Crawled caption data
· · · · ·
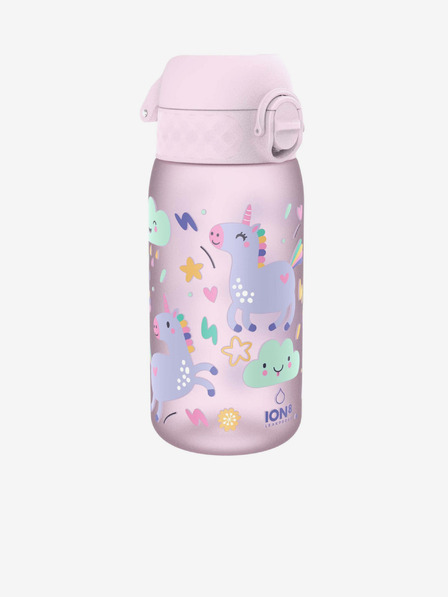 ION8 Rožnata dekliška vzorčasta steklenica Ion8 Leak Proof Samorog 350 ml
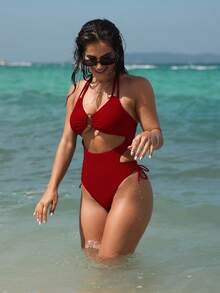 SHEIN Swim 女士露背吊带性感连体泳衣 - 紅色 - 查看 5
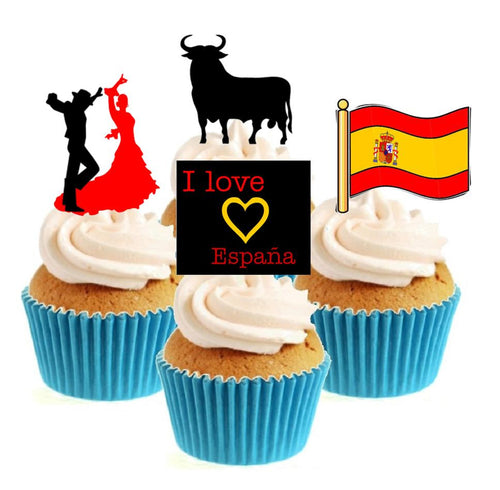 I Love Spain Collection Stand Up Cake Toppers (12 pack)
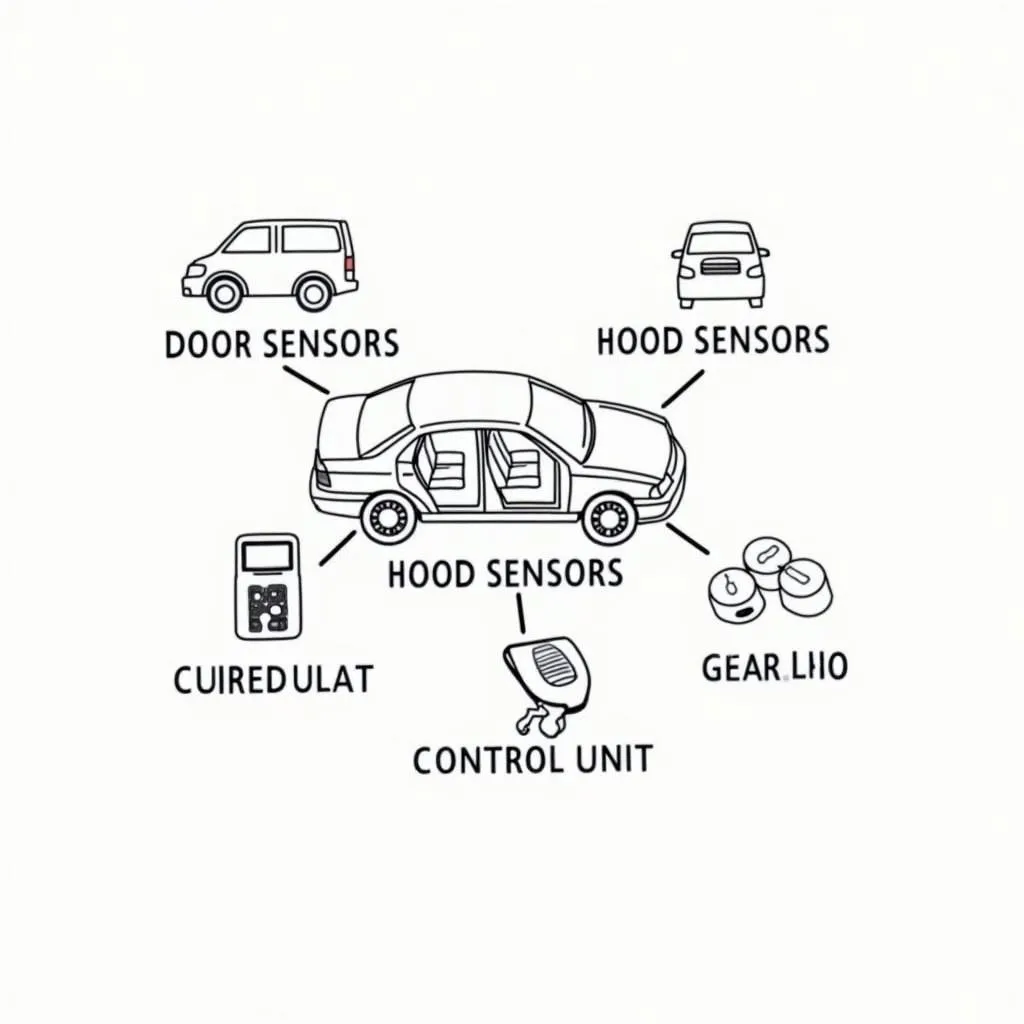 Car alarm system components diagram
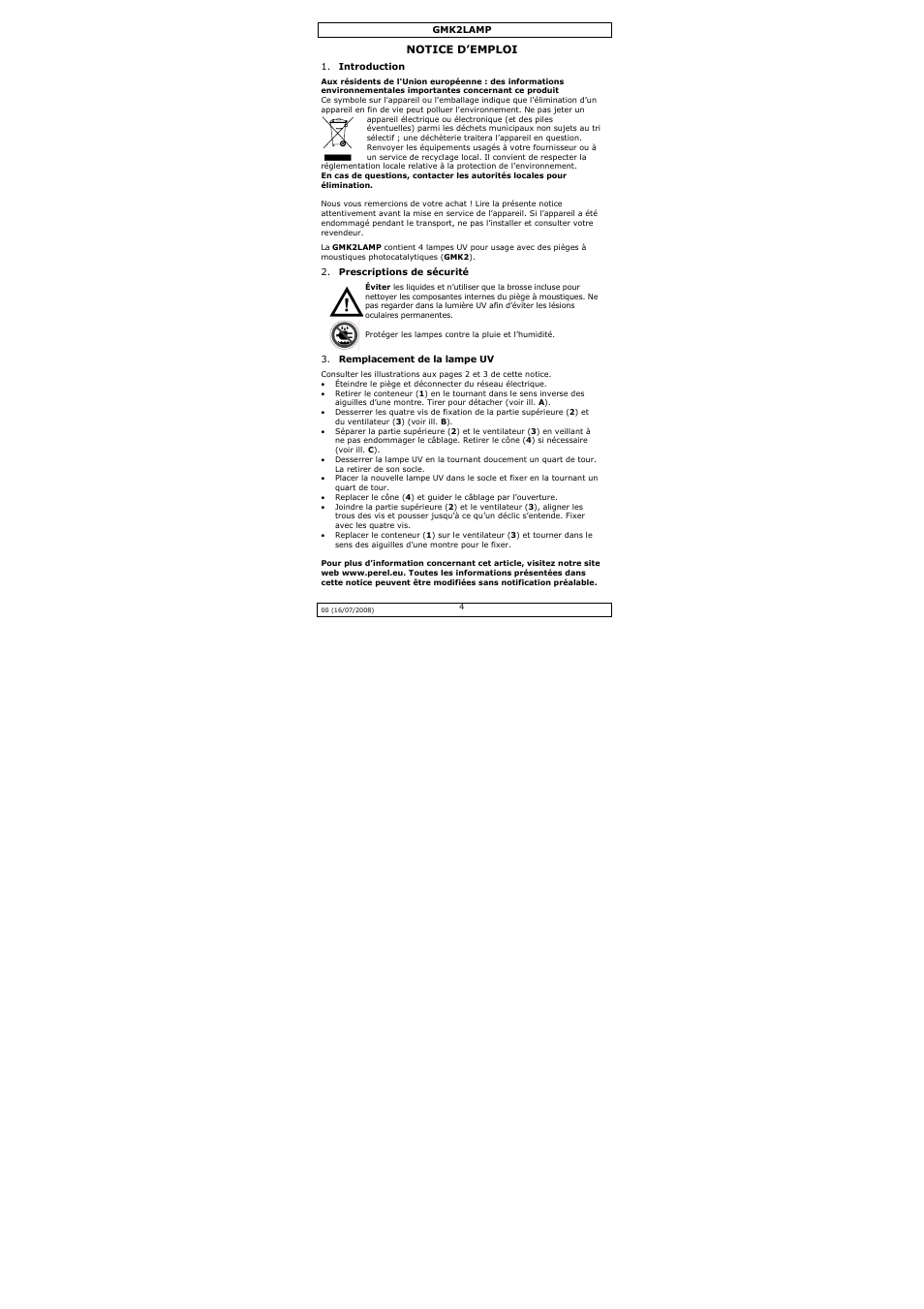 Notice d’emploi | Velleman GMK2LAMP User Manual | Page 4 / 8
· · · · ·
Give back exactly, and only, the lines from the one holding "I Love Spain" through the last line of the entries, with every picture omitted.

 I Love Spain Collection Stand Up Cake Toppers (12 pack)
 Car alarm system components diagram
 Notice d’emploi | Velleman GMK2LAMP User Manual | Page 4 / 8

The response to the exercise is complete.